THE PROBLEM:
Begin at the line where "Jet F-16 jatuh" appears and reproduce exactly every line through the end of the data below, both included, skipping pictures.

BEGIN MATERIAL FOR THIS TASK

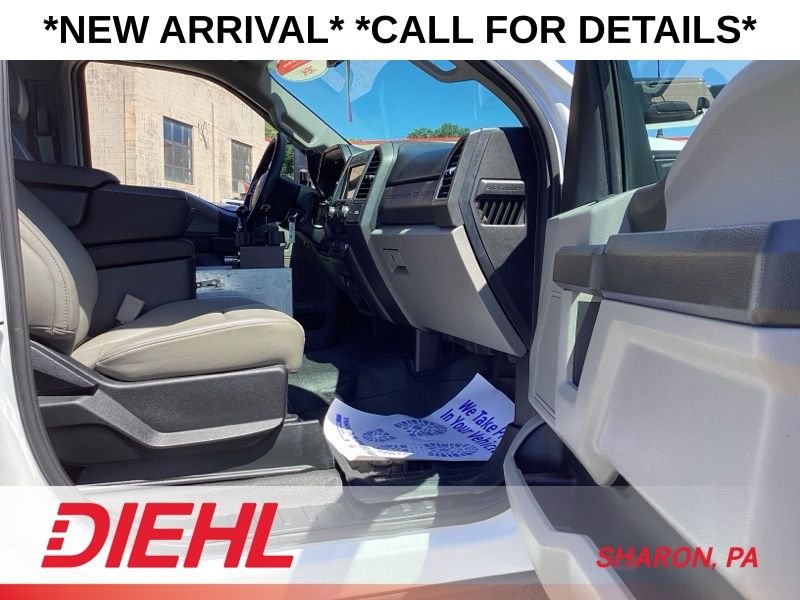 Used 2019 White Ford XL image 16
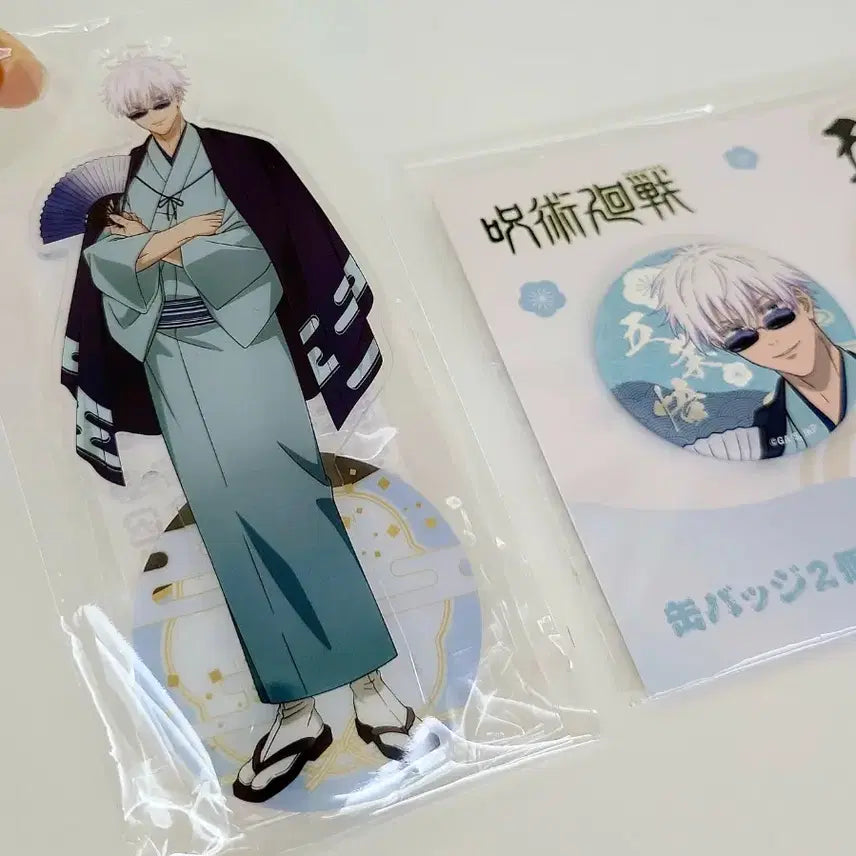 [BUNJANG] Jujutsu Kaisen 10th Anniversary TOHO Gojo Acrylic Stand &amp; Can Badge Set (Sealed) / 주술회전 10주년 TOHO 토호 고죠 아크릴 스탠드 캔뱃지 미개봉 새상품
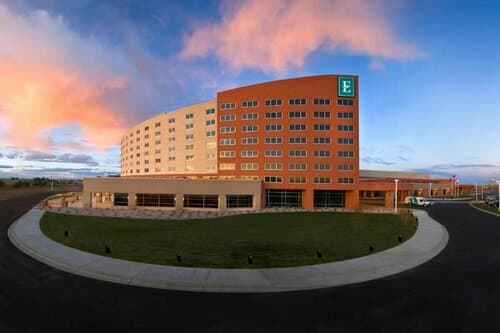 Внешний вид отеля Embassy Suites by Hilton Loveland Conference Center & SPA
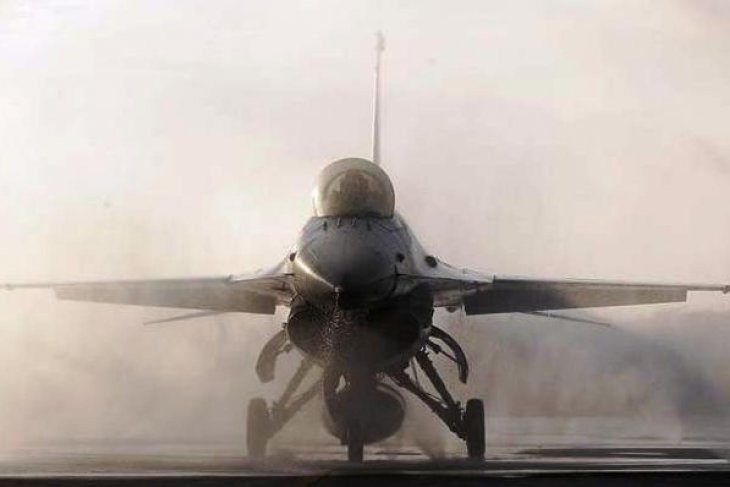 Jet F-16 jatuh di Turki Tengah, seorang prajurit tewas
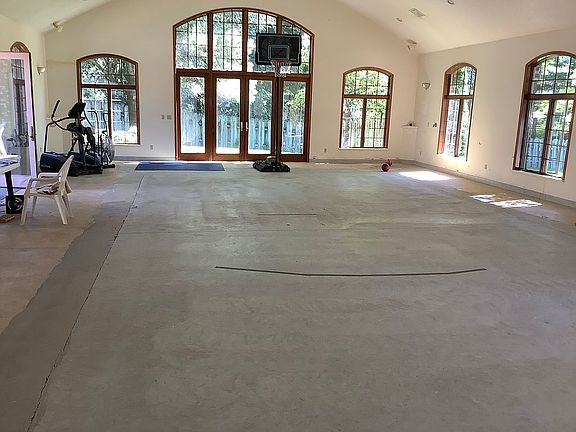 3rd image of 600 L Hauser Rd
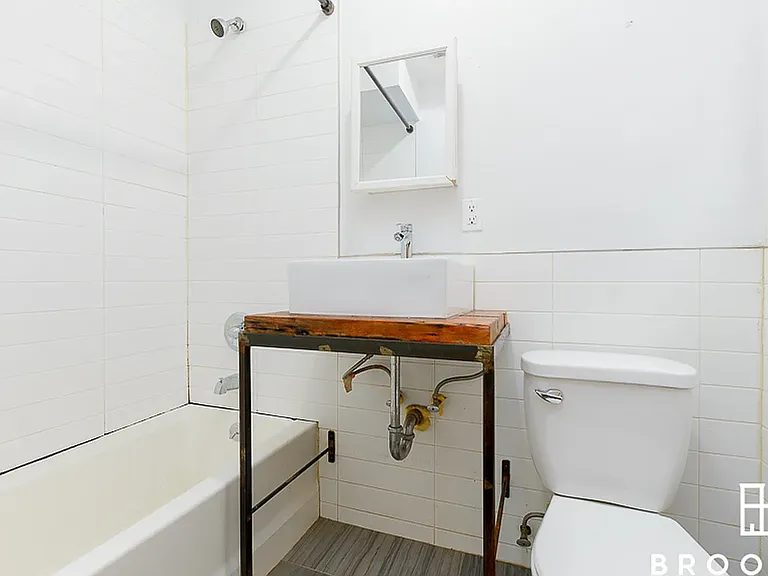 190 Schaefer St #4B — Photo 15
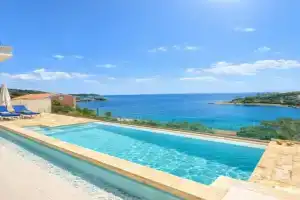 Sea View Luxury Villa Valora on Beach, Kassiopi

END MATERIAL FOR THIS TASK

RESPONSE AREA:
 Jet F-16 jatuh di Turki Tengah, seorang prajurit tewas
 3rd image of 600 L Hauser Rd
 190 Schaefer St #4B — Photo 15
 Sea View Luxury Villa Valora on Beach, Kassiopi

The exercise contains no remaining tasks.